Um dia, sem mais nem menos, cismou em invadir o Museu Nacional de Belas no outro lado da Avenida Rio Branco. Era hora de tomar posse em algum trono palpável de um reino imaginário de Portugal, Brasil e Algarves ou algo parecido. Pressentiu que aquela construção antiga seria seu palácio de direito e justiça. Enfim seria um rei de verdade. Pompa, circunstância. Subiu, lépido, as escadarias forradas com tapete carmesim, apoiando-se, extasiado, na balaustrada de mármore. Ninguém se incomodou com sua presença furtiva. Ninguém prestou atenção naquela figura atarantada de cabelos crescidos para o alto, desprendendo poeira e moscas famélicas, amarfanhado pedaço de pano de mecânico. Um quadro gigantesco e escuro, com camadas espessas e sucessivas de verniz, dependurado não se sabe por qual força sobrenatural em uma parede lateral, estancou os passos do doidinho. Era uma cena bíblica de Abraão. Geraldinho sorriu:

-Deus está comigo!

Percorreu alguns corredores anexos, abriu portas de vidro grosso, arfou encostado a uma pilastra lavrada. Ninguém o viu. O palácio parecia deserto para ele. Um reino desleixado carecendo de mão de ferro e dogmas duros, necessários. Mistérios para novos tempos, justiças colocadas em prática, súditos felizes para uma nova era de paz. Ninguém o viu! Obteve a exata sensação de certeza em sua missão impetuosa quando, depois de perscrutar mais alguns corredores, deu de frente com um saguão de paredes altíssimas. Havia nichos pontuando essas paredes colossais. Nichos pintados de vermelho fosco. Sangue de guerras clássicas. Uma emoção sem proporções tomou o peito roto do novíssimo rei. Pelos dois lados do amplo ambiente formavam-se fileiras de formidáveis figuras de gesso. Cópias magníficas de estátuas de mármore helênico. Geraldinho Estopa viu ali sua comissão de recepção, seus criados prestativos, seus vassalos abjetos, suas concubinas para as horas de desejo, seus eclesiásticos conspiradores, conselheiros marciais, todos se colocando às suas ordens. Espetáculo belíssimo!

Avançou contrito por entre a silenciosa corte. Emocionadíssimo. Sentiu falta (interrogação súbita) de uma rainha. Onde estava sua senhora, esposa e cúmplice em seu momento de glória? Não seria completa sua conquista tão esperada sem estar de mãos dadas a uma delicada e fiel consorte.

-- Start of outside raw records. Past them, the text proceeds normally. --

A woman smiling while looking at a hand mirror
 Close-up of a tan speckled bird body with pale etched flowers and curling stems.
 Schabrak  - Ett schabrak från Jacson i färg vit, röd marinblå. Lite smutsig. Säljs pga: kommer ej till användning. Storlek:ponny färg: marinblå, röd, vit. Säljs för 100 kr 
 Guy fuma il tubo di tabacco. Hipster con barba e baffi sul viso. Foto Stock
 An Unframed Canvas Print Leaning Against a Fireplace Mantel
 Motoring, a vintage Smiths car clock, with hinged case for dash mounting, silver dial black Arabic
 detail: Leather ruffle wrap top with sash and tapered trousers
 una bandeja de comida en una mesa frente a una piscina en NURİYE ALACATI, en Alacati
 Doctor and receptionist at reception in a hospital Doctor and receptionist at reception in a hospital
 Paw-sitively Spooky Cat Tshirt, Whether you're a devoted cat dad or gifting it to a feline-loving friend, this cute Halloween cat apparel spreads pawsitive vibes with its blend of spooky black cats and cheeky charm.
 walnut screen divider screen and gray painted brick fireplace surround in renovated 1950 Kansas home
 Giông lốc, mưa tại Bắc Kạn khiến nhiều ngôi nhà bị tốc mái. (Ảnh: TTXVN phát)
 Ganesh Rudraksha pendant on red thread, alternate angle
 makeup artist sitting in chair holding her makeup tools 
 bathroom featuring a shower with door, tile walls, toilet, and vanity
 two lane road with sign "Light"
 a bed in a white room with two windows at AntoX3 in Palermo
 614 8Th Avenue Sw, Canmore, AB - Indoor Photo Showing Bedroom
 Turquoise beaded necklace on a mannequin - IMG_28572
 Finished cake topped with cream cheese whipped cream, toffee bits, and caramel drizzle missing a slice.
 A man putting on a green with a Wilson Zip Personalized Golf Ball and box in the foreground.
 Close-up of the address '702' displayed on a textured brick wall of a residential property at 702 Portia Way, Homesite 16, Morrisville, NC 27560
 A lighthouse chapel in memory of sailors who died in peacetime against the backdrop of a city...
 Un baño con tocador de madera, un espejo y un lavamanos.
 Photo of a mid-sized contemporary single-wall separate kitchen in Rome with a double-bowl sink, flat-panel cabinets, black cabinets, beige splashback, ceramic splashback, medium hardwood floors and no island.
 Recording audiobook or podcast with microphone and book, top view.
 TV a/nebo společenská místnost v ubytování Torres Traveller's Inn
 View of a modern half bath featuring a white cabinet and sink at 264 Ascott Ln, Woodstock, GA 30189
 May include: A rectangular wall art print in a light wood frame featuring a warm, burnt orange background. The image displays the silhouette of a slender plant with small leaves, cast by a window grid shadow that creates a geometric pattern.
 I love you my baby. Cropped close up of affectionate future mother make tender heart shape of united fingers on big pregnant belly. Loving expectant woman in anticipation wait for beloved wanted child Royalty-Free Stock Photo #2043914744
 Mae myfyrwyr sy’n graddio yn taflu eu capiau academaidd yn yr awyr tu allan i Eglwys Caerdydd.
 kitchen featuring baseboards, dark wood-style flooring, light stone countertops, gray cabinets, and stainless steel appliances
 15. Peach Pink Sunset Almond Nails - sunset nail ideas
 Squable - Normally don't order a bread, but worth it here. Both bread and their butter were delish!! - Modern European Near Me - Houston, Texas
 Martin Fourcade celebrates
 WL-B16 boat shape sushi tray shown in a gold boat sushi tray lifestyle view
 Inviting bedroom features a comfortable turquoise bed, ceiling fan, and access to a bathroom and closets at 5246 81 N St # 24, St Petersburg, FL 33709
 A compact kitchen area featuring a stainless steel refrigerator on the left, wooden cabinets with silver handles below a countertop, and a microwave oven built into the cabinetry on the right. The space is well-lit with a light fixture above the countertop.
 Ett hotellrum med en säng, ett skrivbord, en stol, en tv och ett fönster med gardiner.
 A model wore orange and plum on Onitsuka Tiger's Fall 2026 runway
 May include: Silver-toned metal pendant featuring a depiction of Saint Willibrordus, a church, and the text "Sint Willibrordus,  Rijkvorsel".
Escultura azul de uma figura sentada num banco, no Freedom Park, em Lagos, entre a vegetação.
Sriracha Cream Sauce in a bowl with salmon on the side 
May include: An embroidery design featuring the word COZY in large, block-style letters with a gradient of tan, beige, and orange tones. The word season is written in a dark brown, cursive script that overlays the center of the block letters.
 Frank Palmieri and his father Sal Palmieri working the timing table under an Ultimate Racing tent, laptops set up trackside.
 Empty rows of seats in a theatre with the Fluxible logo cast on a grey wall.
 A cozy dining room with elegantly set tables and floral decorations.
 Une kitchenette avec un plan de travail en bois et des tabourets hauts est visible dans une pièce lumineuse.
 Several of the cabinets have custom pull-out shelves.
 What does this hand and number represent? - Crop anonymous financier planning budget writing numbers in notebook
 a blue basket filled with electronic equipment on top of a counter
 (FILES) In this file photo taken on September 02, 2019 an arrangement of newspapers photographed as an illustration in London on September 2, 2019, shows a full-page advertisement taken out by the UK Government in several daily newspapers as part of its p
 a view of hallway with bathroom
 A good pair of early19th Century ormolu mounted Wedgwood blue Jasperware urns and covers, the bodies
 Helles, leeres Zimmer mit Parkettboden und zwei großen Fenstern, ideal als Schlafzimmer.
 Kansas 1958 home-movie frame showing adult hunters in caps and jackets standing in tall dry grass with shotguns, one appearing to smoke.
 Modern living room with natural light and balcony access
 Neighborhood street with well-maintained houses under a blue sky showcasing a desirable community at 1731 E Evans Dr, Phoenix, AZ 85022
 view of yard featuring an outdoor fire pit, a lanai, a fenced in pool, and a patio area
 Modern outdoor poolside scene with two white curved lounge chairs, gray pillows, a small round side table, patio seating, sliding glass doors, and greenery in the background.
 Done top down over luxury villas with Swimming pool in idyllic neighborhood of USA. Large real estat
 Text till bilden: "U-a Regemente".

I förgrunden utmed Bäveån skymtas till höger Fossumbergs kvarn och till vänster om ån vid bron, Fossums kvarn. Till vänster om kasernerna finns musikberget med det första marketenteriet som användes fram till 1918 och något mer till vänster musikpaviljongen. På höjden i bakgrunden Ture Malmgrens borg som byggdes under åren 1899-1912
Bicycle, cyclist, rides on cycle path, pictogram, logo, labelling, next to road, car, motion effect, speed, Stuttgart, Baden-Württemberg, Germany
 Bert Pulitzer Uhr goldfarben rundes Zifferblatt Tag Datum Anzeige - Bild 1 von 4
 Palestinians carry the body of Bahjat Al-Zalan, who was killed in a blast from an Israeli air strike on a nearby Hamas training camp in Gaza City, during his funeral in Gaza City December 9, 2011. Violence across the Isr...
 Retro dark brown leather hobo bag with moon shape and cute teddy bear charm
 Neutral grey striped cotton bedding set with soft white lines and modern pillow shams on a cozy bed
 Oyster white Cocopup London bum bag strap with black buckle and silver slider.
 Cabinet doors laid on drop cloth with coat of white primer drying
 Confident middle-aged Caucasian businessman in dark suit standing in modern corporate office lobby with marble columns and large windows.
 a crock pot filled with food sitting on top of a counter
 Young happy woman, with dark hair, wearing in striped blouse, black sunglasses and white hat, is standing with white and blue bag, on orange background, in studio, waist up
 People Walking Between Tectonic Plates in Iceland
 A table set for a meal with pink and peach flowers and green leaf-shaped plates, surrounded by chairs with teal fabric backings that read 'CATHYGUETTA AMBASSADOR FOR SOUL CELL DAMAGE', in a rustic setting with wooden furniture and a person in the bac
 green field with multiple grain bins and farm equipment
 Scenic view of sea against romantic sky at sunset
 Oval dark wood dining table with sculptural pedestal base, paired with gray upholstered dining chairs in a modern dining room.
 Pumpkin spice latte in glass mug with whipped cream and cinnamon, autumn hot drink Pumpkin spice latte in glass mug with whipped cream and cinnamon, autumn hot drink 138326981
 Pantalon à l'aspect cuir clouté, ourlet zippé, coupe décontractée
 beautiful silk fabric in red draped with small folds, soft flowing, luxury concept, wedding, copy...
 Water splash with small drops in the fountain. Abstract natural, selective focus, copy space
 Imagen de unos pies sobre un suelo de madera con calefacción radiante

Sua aflição extinguiu-se quando olhou na direção oposta do salão e a gigantesca Vitória de Samotrácia pairou pelos ares. A rainha sem cabeça, trajes leves e imponentes ao vento. Rebentou uma alegria tão incontida em seu coração demente, que se precipitou em um longo e apaixonado discurso de agradecimentos e aptidões para o futuro de seu reino conquistado. Estava tão entusiasmado que não percebeu duas colossais cópias de Mirón e Praxíteles descerem dos pedestais e agarrarem, com uma brutalidade tão magnânima, os braços convulsos de Geraldinho Estopa. Ele somente se deu conta de toda revolta quando estava rolando pelas escadarias forradas de carmesim direto para a realidade plebeia da rua.

As estátuas eram seguranças atarracados, gritando palavrões nada lisonjeiros para o doidinho. Geraldinho Estopa repreendeu-os com a altivez nata dos grandes monarcas:

-Deus ainda está comigo! Perdida a batalha, não a guerra!

Atravessou a rua, um tanto atarantado é verdade, e foi tomar posse na Biblioteca Nacional.